Криминальные будни психиатра | Страница: 19

  • Georgia
  • Verdana
  • Tahoma
  • Symbol
  • Arial
16
px

— Кто именно?

— Митрич, местный энергетик. Позавчера явился и начал орать — где, мол, журнал техобслуживания. А журнал у него в кабинете был, сам забрал на проверку и забыл. Митрич вообще очень забывчивый. — Рудь выразительно щелкнул себя по кадыку, намекая на первопричину этой забывчивости. — Сует мне ключ — мол, сбегай и принеси. Я ему на это отвечаю: «Сам сходи, если тебе надо». Я эти журналы в гробу видал, мне и без них хорошо. И если мне премию хоть раз зажмут, я плюну и уйду! Я так Митричу и сказал. Если администрация экономит на напарнике, то по понятиям его зарплату надо делить пополам. Половину им, половину — мне за то, что я все делаю сам, в одиночку, разве что иногда Гришу-слесаря попрошу помочь, но между нами свои расчеты. Он — мне, я — ему. По справедливости так ведь выходит?

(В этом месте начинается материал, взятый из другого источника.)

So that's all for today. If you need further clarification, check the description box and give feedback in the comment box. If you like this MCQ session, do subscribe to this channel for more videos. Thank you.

Савелий ничего не ответил. Да, правильно Виталик сделал, что включил Рудя в список. К нему определенно стоит присмотреться.

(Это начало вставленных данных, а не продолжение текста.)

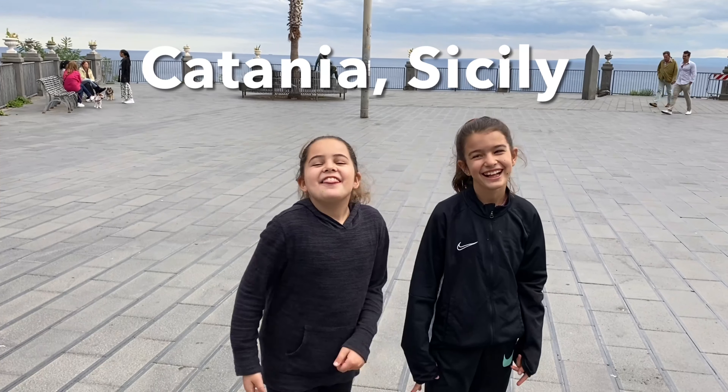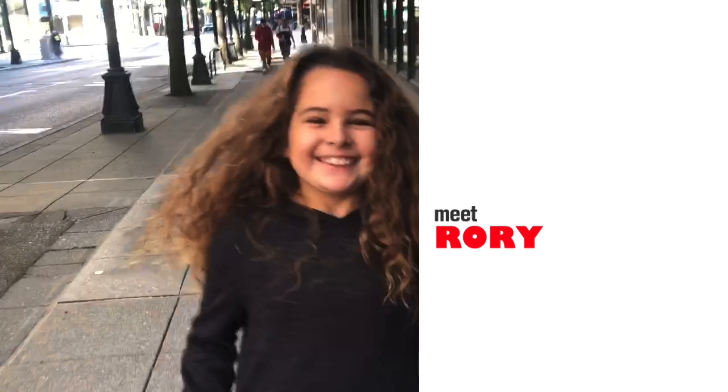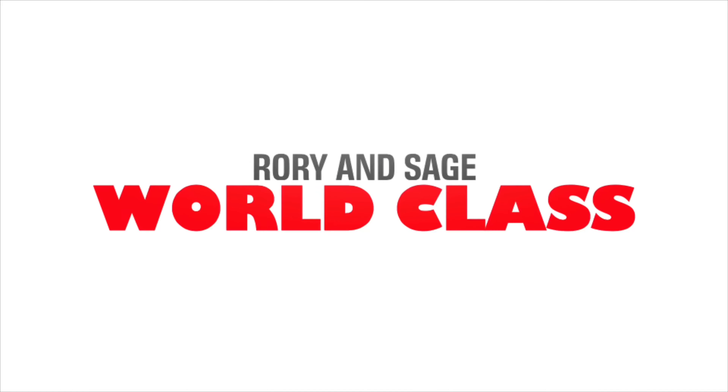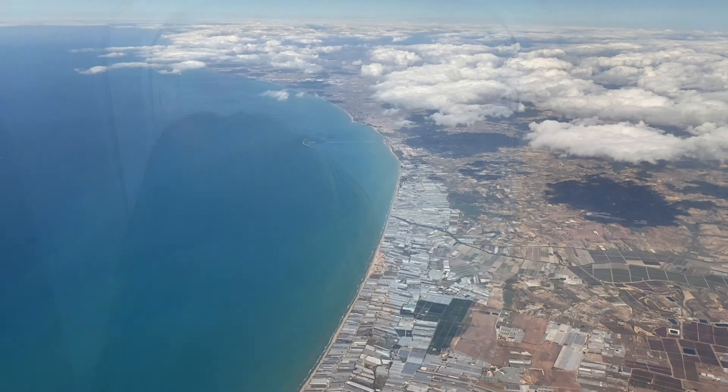Welcome to Sicily! This is Catania! Today we flew from Malta to Sicily. As soon as we arrived, we were corralled into the COVID testing area.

— Но кого сейчас волнует справедливость? — не дождавшись ответа, продолжил Рудь. — Всем бы только карман набить за счет рабочего человека. А вы говорите — «тревожит». Вот оно все где у меня сидит! — Ладонью-клешней Рудь рубанул себя по горлу.

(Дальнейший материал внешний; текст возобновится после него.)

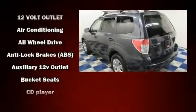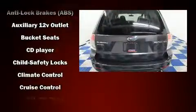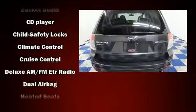Audio features include a CD player with MP3 capability, steering wheel mounted audio controls, and four well-positioned speakers.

«Не богатырь, но определенно — силен», — подумал Савелий, глядя на жилистые руки собеседника. Тем более что работает Рудь без напарника, а аккумуляторные батареи весят изрядно, да и вообще работа физическая не для слабаков.

Слесарь-ремонтник погрузочной техники Половецкий, он же Гриша-слесарь, упомянутый аккумуляторщиком, был так же недоволен складскими порядками, как и Рудь. Они и внешне походили друг на друга, только Половецкий был постарше, поматерее, не отряхивался и взгляд имел не столько затравленный, сколько откровенно озлобленный. На вопрос Савелия о том, не беспокоит ли его что-нибудь в связи с убийствами на складе, Половецкий ухмыльнулся и сказал:

— Шарабчиев меня сильно беспокоит. Проспорил мне косарик, а отдать не успел. Теперь на том свете придется должок получать, и то, если встретимся. Я ж православный, а он мусульманин.

Пока Савелий, немного шокированный ответом, соображал, как вести разговор дальше, Половецкий взял инициативу в свои руки:

— Вопрос можно?

— Можно, — ответил Савелий, чувствуя, что вопрос будет с подковыркой.

Так и оказалось.

— Сколько вам платят за один разговор? Вот со мной вы сейчас поговорили и сколько за это получите?

— Это конфиденциальные сведения. — Савелий намеренно ответил резко, чуть ли не грубо, с такими типами иначе нельзя. — Вам они ни к чему. Я же не интересуюсь, сколько вы получаете.

— А я из этого тайны не делаю! Тридцать тысяч я получаю с копейками. За то, что месяц корячусь-надрываюсь. А вы небось за неделю столько имеете, если не больше, за ваши разговоры. Так разве вы поймете, что меня беспокоит?

Классовые противоречия во всей их непримиримости. Или, скорее, социальная демагогия. Савелий решил предпринять последнюю попытку.

— А может пойму? — с вызовом сказал он. — Вы мне расскажите о себе, а я постараюсь вас понять.

Рассказ о себе — это гораздо ценнее в смысле информативности, чем вопросы и ответы. Если, конечно, рассказ подробен и изобилует деталями. Однако с Половецким такой номер не прошел.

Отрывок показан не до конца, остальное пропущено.